Aquí, para evitar equívocos, se impone aclarar que no hay asomo de culpa pequeñoburguesa en la elección de sus sujetos, también está libre su obra del gluten del cine pedagógico y moral, sobra decir que no hay parentesco alguno con el género de la pornomiseria.
Barrios organizados alrededor del catecismo de sus hijos, una familia ampliada que huye de la ciudad para vivir de la apicultura (¿algo más colectivo que una colmena?), trabajadores en condiciones feudales, amigos vinculados por la profanación de tumbas, familias de diversas denominaciones y estructuras ajenas a la nominalización obligatoria de otros sectores de la sociedad, colectivos comunales, delincuentes sin otra aspiración que mantenerse fuera del sistema, curas de parroquias insignificantes, ocupas.
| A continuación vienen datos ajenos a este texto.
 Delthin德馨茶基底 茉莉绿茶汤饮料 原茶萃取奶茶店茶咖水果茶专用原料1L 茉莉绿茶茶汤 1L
Hay un denominador común en su cine, la atención sostenida sobre esa característica gregaria de los clanes, comunidades o pandillas para cuidarse y protegerse ante la adversidad, el orden social o la arbitrariedad del universo, si bien la mayoría del tiempo de formas contradictorias. No se detiene Rohrwacher en calificar los fenómenos, no son modos perfectos o imperfectos, son modos, formas sin adjetivos. Formas que, además, no empañan ni un poco los instantes luminosos y fugaces de voluntad, belleza y desprendimiento.
Rohrwacher, me parece, y con mayor énfasis en Las maravillas, hace un cine impulsado por una gravitación intensa, una inquietud antigua, arcaica, cavando profundo hasta el origen de nuestra especie, movida por una pregunta que viene desde digamos los estadios agrarios y pastoriles. Ninguna vía más sólida para crear un arte vigente, contemporáneo. Sí, la película que, con la entrada de los créditos, me deportó a la fuerza al edredón a media tarde de día laboral, a la lluvia furiosa, al tornado, al corte de luz, al parque inhabilitado por protocolos municipales.
En fin. Sé que estas experiencias, como la membresía de ciertos clubes, son intransferibles. También entiendo que la forma en que percibimos las cosas es indisociable del contexto, la coyuntura, el momento que atravesamos. Un año atrás o un año en el futuro, la experiencia habría sido otra, no dudo de que me habría gustado mucho la película pero no ignoro que el efecto final estaría mediado por el contexto. En todo caso, sí pienso en las partes que sobran al rearmar algo que estaba completo. Pienso en las partes buenas, las partes malas. De mis amigos cercanos, íntimos, mi familia molecular, me gusta decir que son mi parte buena. Creo que se entiende lo que quise hacer aquí.